On the Sum of Generalized Frames in Hilbert Spaces

Let $${\mathcal {H}}$$ be a separable Hilbert space. It is known that the finite sum of Bessel sequences in $${\mathcal {H}}$$ is still a Bessel sequence. But the finite sum of generalized notions of frames does not necessarily remain stable in its initial form. In this paper, for a prescribed Bessel sequence $$F=\{f_n\}_{n=1}^\infty $$ , we introduce and study $${\mathcal {KF}}$$ , the set consisting of all operators $$K\in {\mathcal {B}}({\mathcal {H}})$$ , such that $$\{f_n\}_{n=1}^\infty $$ is a K-frame.

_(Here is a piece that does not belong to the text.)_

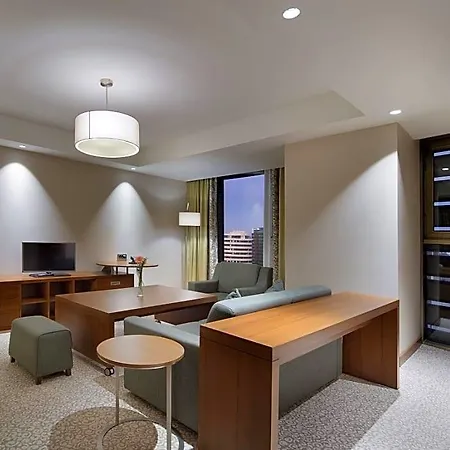 Hilton Garden Beylikduzu 4*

We show that $${\mathcal {KF}}$$ is a right ideal of $${\mathcal {B}}({\mathcal {H}})$$ . We indicate by an example that $${\mathcal {KF}}$$ is not necessarily a left ideal. Moreover, we provide some sufficient conditions for the finite sum of K-frames to be a K-frame. We also use some examples to compare our results with existing ones. These examples demonstrate that our achievements do not depend on the available results. Furthermore, we study the same subject for K-g-frames and controlled frames and get some similar significant results.